Brief descriptive captions
+ + + + +

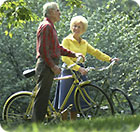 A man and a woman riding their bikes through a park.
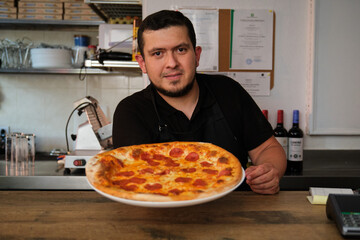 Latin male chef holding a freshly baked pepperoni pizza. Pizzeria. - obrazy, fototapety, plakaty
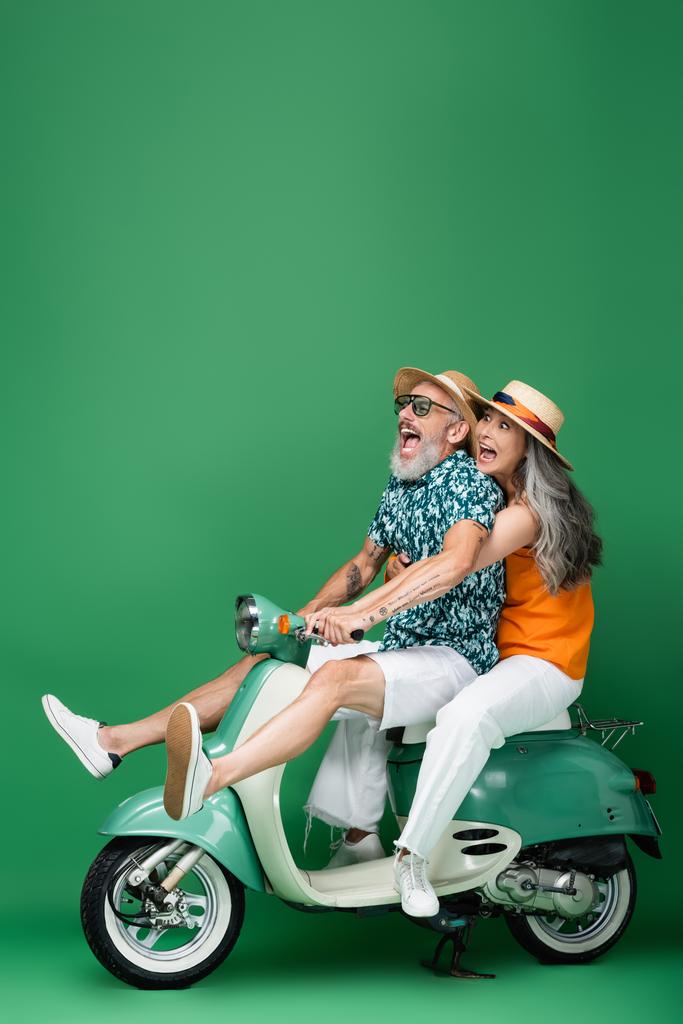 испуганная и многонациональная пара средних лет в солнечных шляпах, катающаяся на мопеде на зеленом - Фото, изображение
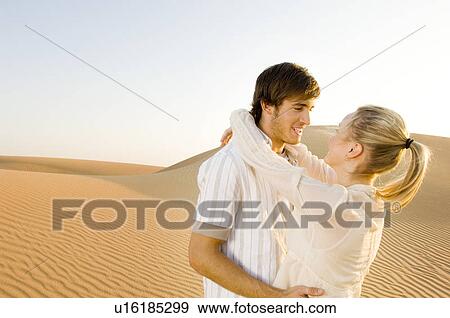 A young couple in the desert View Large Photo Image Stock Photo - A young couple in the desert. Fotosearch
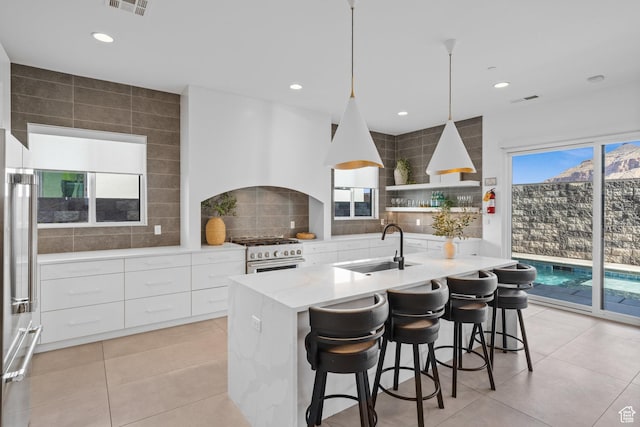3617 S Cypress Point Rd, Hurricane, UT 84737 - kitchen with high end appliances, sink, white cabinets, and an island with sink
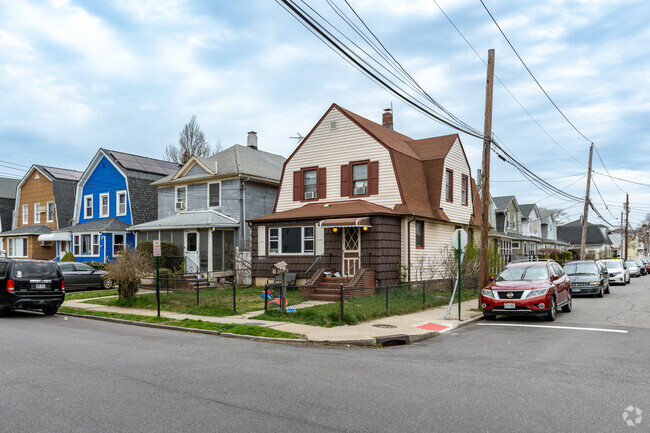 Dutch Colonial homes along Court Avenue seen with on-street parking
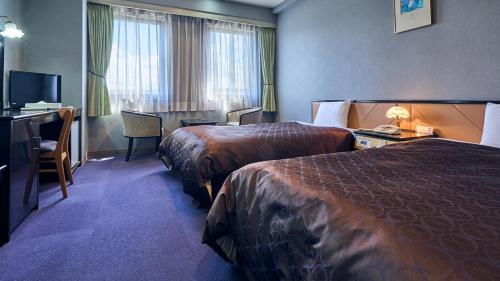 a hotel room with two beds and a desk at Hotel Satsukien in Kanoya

+ + + + +

» **TO DO**:
Copy out the records exactly. Do not include the pictures.

» **ANSWER TO THIS EXERCISE**:
 A man and a woman riding their bikes through a park.
 Latin male chef holding a freshly baked pepperoni pizza. Pizzeria. - obrazy, fototapety, plakaty
 испуганная и многонациональная пара средних лет в солнечных шляпах, катающаяся на мопеде на зеленом - Фото, изображение
 A young couple in the desert View Large Photo Image Stock Photo - A young couple in the desert. Fotosearch
3617 S Cypress Point Rd, Hurricane, UT 84737 - kitchen with high end appliances, sink, white cabinets, and an island with sink
 Dutch Colonial homes along Court Avenue seen with on-street parking
 a hotel room with two beds and a desk at Hotel Satsukien in Kanoya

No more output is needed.